TASK TO CARRY OUT — Return, word for word, the lines of the listing below from the one with "Used 2023 Chevrolet" through the one with "Thumbnail: 2020 Jeep Cherokee - 13", and no other lines.

SUPPLIED RECORDS —
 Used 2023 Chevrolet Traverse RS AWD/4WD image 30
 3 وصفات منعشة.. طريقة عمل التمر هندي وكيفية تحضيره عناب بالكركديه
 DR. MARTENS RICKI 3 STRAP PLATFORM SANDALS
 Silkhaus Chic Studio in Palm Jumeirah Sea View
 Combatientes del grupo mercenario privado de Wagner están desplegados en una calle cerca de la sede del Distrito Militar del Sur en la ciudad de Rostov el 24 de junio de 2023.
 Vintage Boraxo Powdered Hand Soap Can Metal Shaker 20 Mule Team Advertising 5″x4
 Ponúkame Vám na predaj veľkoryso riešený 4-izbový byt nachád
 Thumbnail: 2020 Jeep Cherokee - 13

==

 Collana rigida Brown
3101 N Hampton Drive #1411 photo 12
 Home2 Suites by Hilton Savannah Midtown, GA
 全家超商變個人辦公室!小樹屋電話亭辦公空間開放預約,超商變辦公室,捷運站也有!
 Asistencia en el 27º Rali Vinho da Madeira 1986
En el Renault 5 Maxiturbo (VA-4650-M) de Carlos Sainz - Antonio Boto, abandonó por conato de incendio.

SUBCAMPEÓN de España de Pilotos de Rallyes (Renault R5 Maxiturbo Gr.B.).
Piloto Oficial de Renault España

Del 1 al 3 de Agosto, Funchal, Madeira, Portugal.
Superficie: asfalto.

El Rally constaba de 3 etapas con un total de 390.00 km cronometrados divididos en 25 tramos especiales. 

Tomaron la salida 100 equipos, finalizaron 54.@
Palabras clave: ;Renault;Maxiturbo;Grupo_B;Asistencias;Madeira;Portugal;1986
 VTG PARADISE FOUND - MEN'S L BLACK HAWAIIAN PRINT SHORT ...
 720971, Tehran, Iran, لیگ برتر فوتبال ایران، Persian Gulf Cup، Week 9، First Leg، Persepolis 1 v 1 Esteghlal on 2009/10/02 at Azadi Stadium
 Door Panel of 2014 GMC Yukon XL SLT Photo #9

--

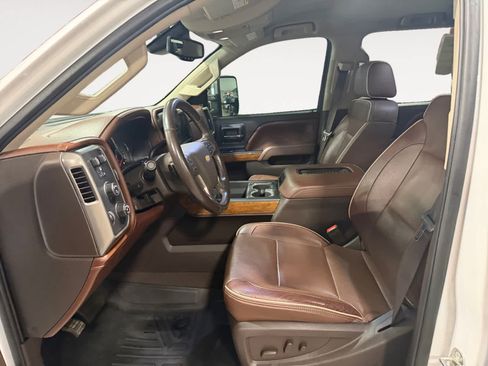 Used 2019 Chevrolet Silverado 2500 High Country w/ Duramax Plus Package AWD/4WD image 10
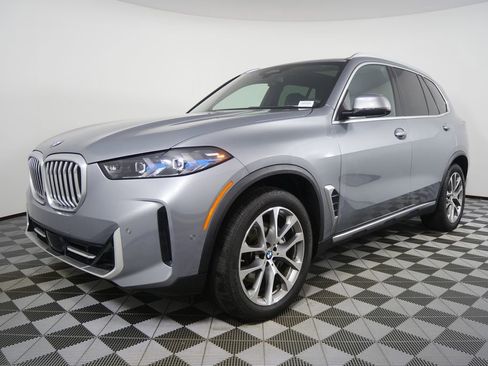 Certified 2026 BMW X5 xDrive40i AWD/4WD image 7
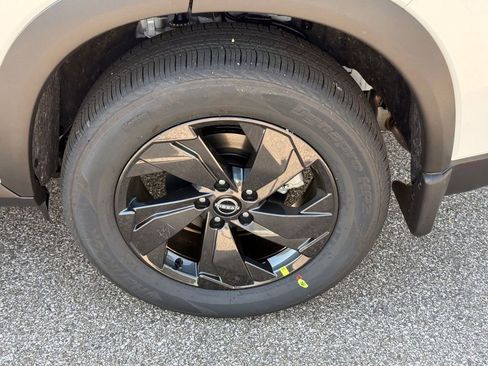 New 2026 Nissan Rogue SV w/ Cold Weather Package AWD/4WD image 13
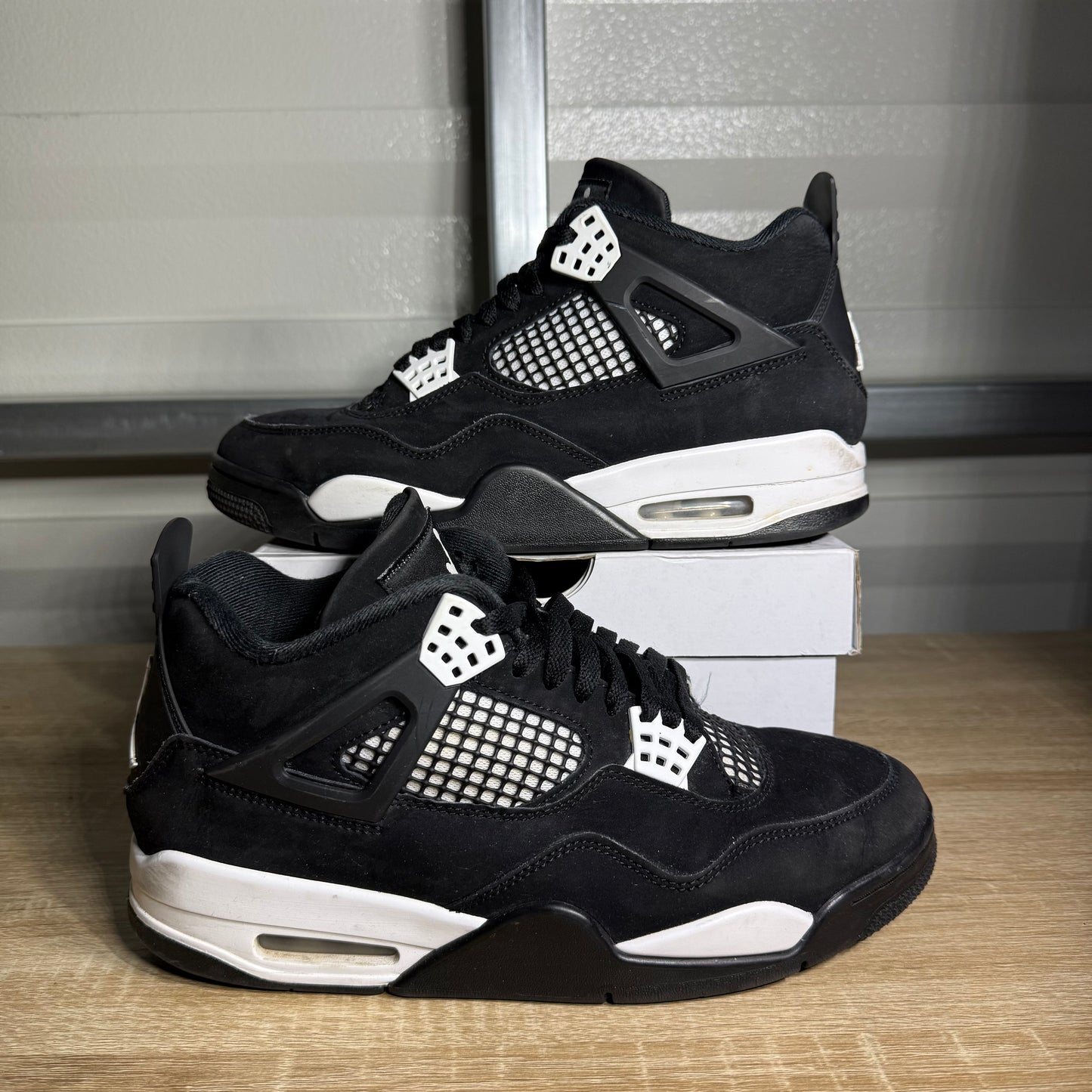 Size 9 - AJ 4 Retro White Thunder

RESULT —
 Used 2023 Chevrolet Traverse RS AWD/4WD image 30
 3 وصفات منعشة.. طريقة عمل التمر هندي وكيفية تحضيره عناب بالكركديه
 DR. MARTENS RICKI 3 STRAP PLATFORM SANDALS
 Silkhaus Chic Studio in Palm Jumeirah Sea View
 Combatientes del grupo mercenario privado de Wagner están desplegados en una calle cerca de la sede del Distrito Militar del Sur en la ciudad de Rostov el 24 de junio de 2023.
 Vintage Boraxo Powdered Hand Soap Can Metal Shaker 20 Mule Team Advertising 5″x4
 Ponúkame Vám na predaj veľkoryso riešený 4-izbový byt nachád
 Thumbnail: 2020 Jeep Cherokee - 13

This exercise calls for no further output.